> _Work instructions_: Return every line of the data exactly as it appears.

> _Information provided_:

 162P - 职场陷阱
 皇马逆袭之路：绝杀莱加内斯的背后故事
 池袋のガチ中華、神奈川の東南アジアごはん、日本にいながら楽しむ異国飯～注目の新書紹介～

> _Response to this task_:
 162P - 职场陷阱
 皇马逆袭之路：绝杀莱加内斯的背后故事
 池袋のガチ中華、神奈川の東南アジアごはん、日本にいながら楽しむ異国飯～注目の新書紹介～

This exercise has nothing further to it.